Last September, Peter and I found ourselves bored one weekend and one of us came up with a brilliant idea to take a road trip to Stonehenge. After some light research, we learned that a regular Stonehenge admission ticket would permit entry to the Stonehenge grounds but would not permit access to the stones themselves.
A little more research revealed that the English Heritage offers “stone circle access” visits. Stone circle access visits must be booked in advance, are restricted to 26 people, and are held outside of regular operating hours (either in the early morning or early evening). The fee for the stone circle access visit is double the regular adult admission price but worth it for the following reasons:
- fewer people/easier to take photos without random strangers peering out from behind the stones
- up-close access to the stones (no touching, though!)

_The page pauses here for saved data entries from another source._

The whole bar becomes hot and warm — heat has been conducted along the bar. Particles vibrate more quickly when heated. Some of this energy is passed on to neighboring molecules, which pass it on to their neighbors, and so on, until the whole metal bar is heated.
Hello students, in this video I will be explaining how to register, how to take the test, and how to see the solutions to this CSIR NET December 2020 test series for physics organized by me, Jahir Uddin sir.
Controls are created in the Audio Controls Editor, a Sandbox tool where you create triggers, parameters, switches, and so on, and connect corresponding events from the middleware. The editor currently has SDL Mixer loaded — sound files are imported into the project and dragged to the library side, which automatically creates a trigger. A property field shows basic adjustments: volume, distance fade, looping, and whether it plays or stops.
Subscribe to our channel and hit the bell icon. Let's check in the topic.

- access to the grounds and audio guides during regular operating hours
Between seasonal closures and availability, the first available date was six months out. So we booked that date and waited for it to arrive.
After much consideration, I decided that we (I) would drive versus taking public transportation (trains + buses). Driving was the absolute right decision. The drive was so easy (106 km / 66 mi each way and took about an hour and a half).

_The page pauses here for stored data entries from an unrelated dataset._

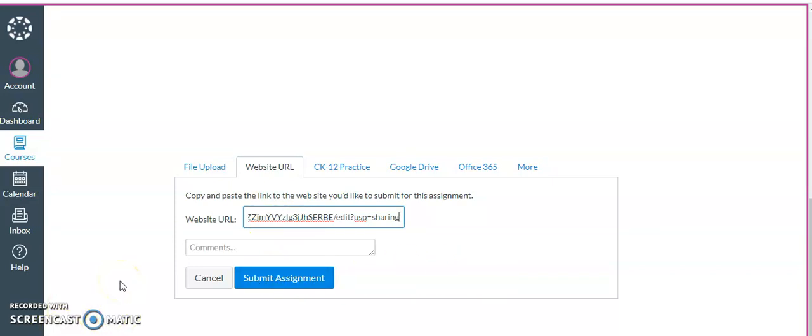If you have any other questions about submitting an assignment through Google Docs, please let me know.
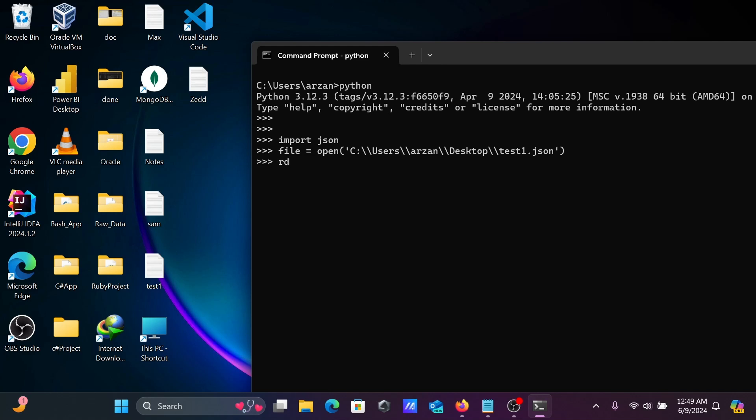Let's write here another variable rd. Here json.load method, so load file1. Write here file. After that going to use the for loop. So here for row in rd colon.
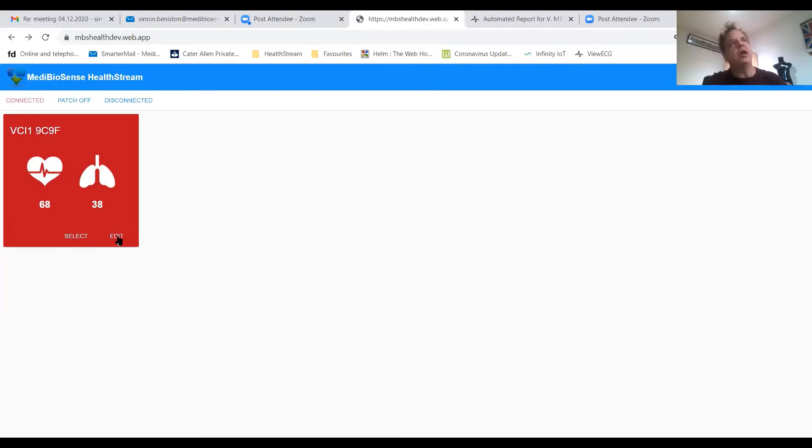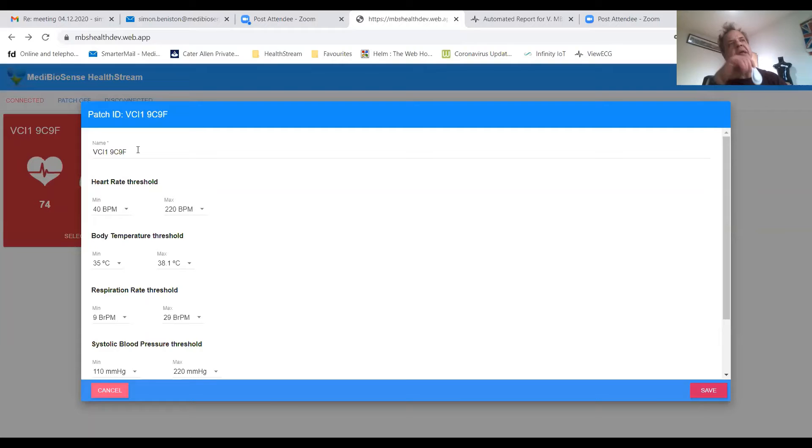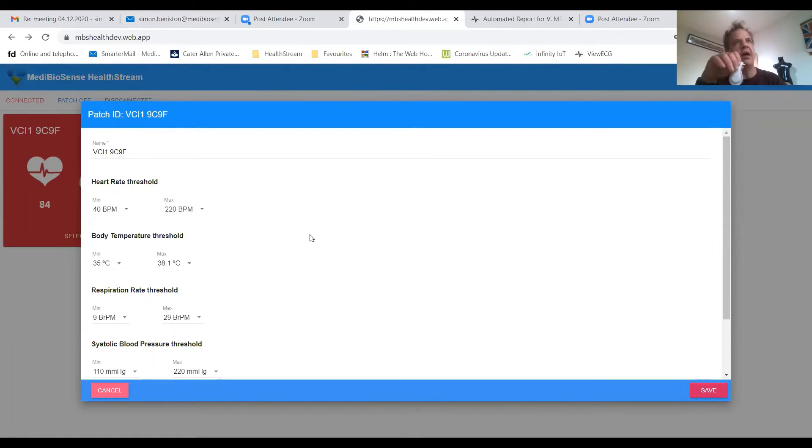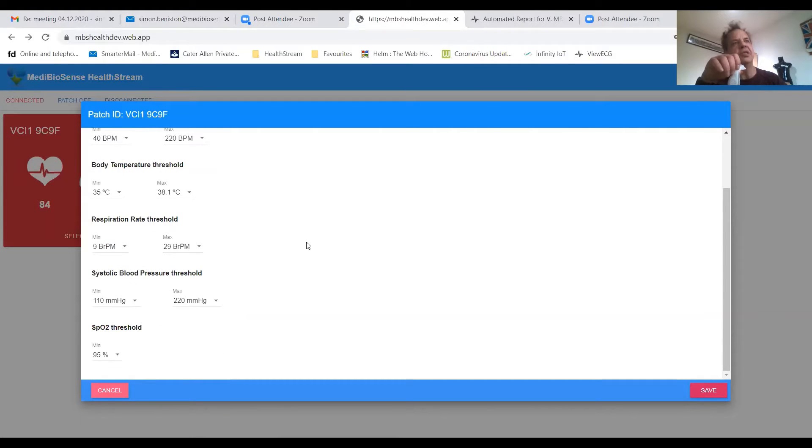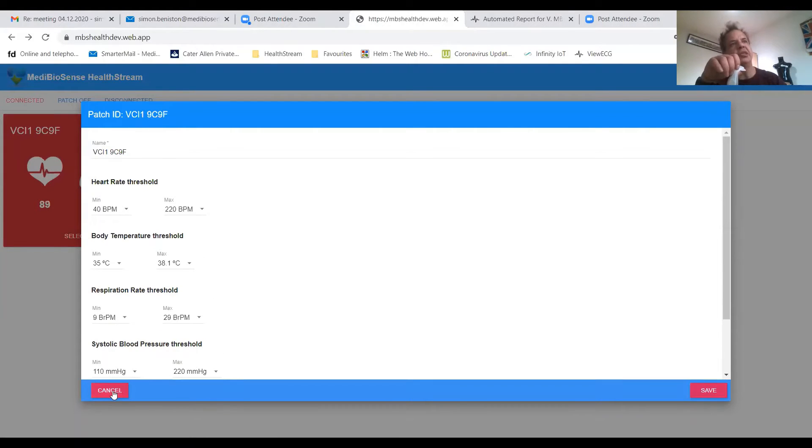This one's set quite high but in here you can change the name of the patch ID so no patient data is transferred, but you can change the name to a patient name and you can do the settings for threshold alerts.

We saved considerable time that would have otherwise been spent sitting on train platforms and waiting for buses.
Before exiting the house, I reviewed Peter’s very clear and simple “rules for the drive.”
- No reading
- No internet surfing
- No gaming
- No sleeping
- Must assist with navigation
With the rules reviewed, we began our journey. Seven minutes later, Peter was sleeping.
We arrived at Stonehenge at 3:30pm, 30 minutes prior to regular admission closing time. We grabbed a map and entered the Stonehenge grounds, skipping the audio guide as we assumed our “private tour” would be more informative and interesting than the audio guide. We quickly walked the perimeter and then walked back to the private tour meeting point.
At 4:30pm, our private tour started, which was as far from a tour as possible. As the name suggests, the “stone circle access” visit provided us access to the stone circle but did not offer any sort of tour.
In summary, two security guards walked our group up to the stones and ensured we did not touch them. We didn’t learn anything about Stonehenge except that the stones are humungous.
Below are two photos to help understand the scale of Stonehenge’s enormity and gale-force winds. I am 178 cm / 5 ft 10 in, and the stone I am standing in front of reportedly weighs 25 tons.
Finally, the most tragic photo…
The English Heritage had to insert a concrete support pillar in one of the larger stones after visitors chipped away enough of the stone to make it unsafe.
Overall, it was a lovely day trip, and it was nice to get out of Maidenhead!